====== MATERIAL PROVIDED

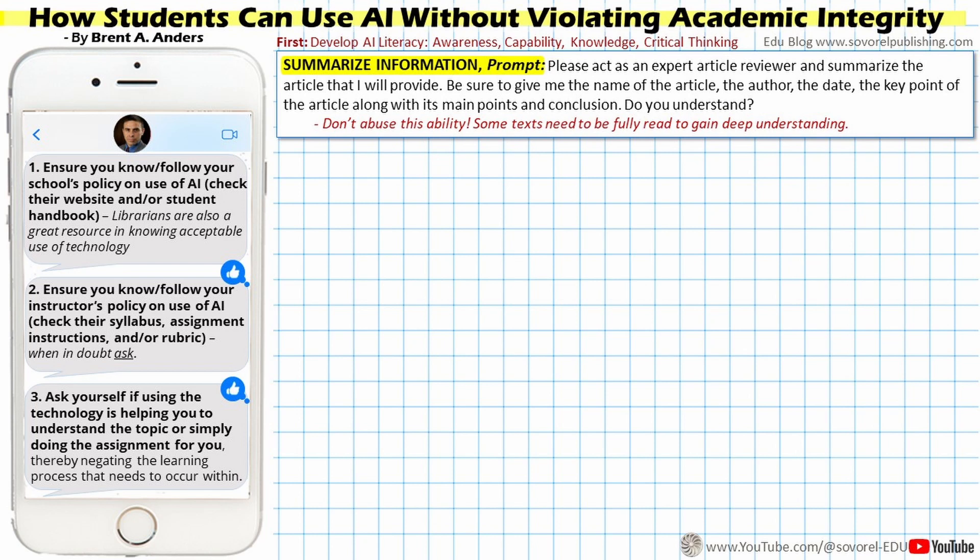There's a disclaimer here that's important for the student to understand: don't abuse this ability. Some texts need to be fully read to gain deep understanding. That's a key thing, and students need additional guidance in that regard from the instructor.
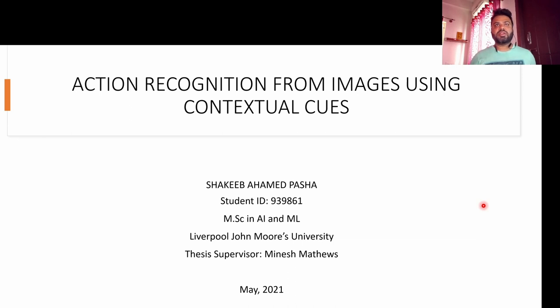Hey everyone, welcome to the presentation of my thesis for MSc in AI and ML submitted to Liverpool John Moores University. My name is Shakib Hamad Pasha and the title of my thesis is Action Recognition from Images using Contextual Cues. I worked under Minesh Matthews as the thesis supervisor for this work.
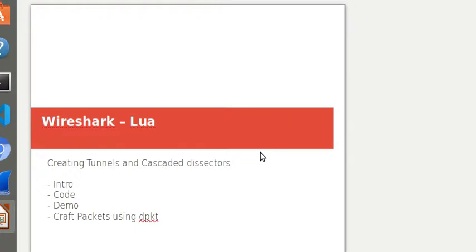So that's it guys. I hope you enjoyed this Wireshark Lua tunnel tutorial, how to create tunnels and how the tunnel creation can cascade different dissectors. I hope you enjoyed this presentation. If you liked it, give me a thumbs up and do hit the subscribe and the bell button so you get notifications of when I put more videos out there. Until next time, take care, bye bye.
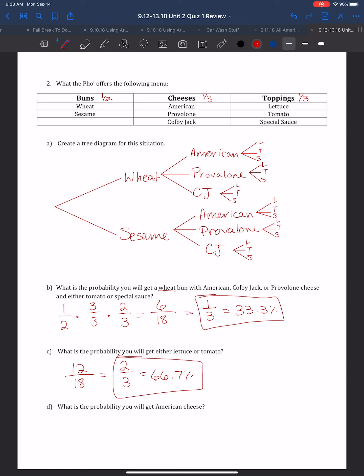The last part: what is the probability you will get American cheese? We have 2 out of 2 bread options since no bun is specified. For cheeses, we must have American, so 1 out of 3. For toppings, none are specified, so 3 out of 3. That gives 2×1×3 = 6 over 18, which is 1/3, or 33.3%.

============

◆ **WHAT THIS TASK INVOLVES**
Leave the pictures out and copy exactly the lines from the one that holds "So that's it" through the last line of the material.

◆ **RESULT FOR THIS TASK**
So that's it guys. I hope you enjoyed this Wireshark Lua tunnel tutorial, how to create tunnels and how the tunnel creation can cascade different dissectors. I hope you enjoyed this presentation. If you liked it, give me a thumbs up and do hit the subscribe and the bell button so you get notifications of when I put more videos out there. Until next time, take care, bye bye.
The last part: what is the probability you will get American cheese? We have 2 out of 2 bread options since no bun is specified. For cheeses, we must have American, so 1 out of 3. For toppings, none are specified, so 3 out of 3. That gives 2×1×3 = 6 over 18, which is 1/3, or 33.3%.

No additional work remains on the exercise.